A synchronous UPDATE posts SET score = score+1 per vote melts under load (every vote on a hot post contends on one row). Instead, record the vote and aggregate:

def cast_vote(user_id, target_id, value):
    prev = votes.get(user_id, target_id)             # idempotent: one vote per user
    if prev == value: return
    votes.put(user_id, target_id, value)             # store/replace the vote
    vote_queue.publish({"target": target_id, "delta": value - (prev or 0)})

def aggregator():                                    # batches deltas
    for batch in vote_queue.consume_batched(window="1s"):
        for target, delta in sum_deltas(batch).items():
            new_score = store.incr_score(target, delta)
            listing_cache.zadd(community_of(target), hotness_for(target), target)

Counts become eventually consistent (and are often fuzzed) — a deliberate trade for scale and anti-gaming.

Reading a listing

def listing(community, sort="hot", k=25, cursor=0):
    if sort == "hot":
        return listing_cache.zrevrange(community, cursor, cursor + k)   # precomputed
    if sort == "new":
        return db.posts_by_time(community, k, cursor)
    if sort == "top":
        return db.posts_by_score(community, window, k, cursor)

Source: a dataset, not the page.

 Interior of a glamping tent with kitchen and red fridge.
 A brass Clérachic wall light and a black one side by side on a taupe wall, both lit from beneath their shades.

The personalized front page merges the top of each subscribed community’s hot listing (k-way merge), cached per user briefly.

The comment tree (materialized path + lazy loading)

Store each comment with a path so the whole subtree sorts and loads efficiently:

comment: { id, post_id, parent_id, path: "0003/0007/0002", score, body }
# children of a comment share its path prefix; siblings sort by the last segment or score

Load the top comments and a couple of reply levels; defer the rest:

def load_thread(post_id, k=200):
    top = db.comments(post_id, parent=None, order_by="score", limit=k)
    for c in top:
        c.replies = db.comments(post_id, parent=c.id, order_by="score", limit=10)
        c.more = c.reply_count > 10                  # "load more" stub for deep/long branches
    return build_tree(top)

A giant thread (100k+ comments) is never loaded whole — “load more” fetches deeper branches on demand.

Storage and scale

  • Posts/comments/votes sharded (posts by community or id; comments by post id so a thread is co-located).
  • Listings in Redis ZSETs per community; front page merged from those.
  • Comment counts/scores updated via the same async aggregation.

Failure handling

  • Vote queue lag → counts trail slightly (acceptable; fuzzed anyway).
  • Listing cache loss → rebuild from the DB (sort by stored hotness).
  • Hot post (massive votes/comments) → async aggregation + cached listing absorb it; comment loads stay lazy.
  • Vote gaming → rate-limit votes per user, fuzz counts, detect brigading.

The takeaway

Concrete signals: a precomputed hotness in Redis ZSETs for instant listings, idempotent async-aggregated voting to dodge hot-row contention (eventually consistent, fuzzed), and a materialized-path comment tree with lazy “load more.” Vote ranking + async counters + lazy trees are the forum-specific patterns atop the usual sharding and caching.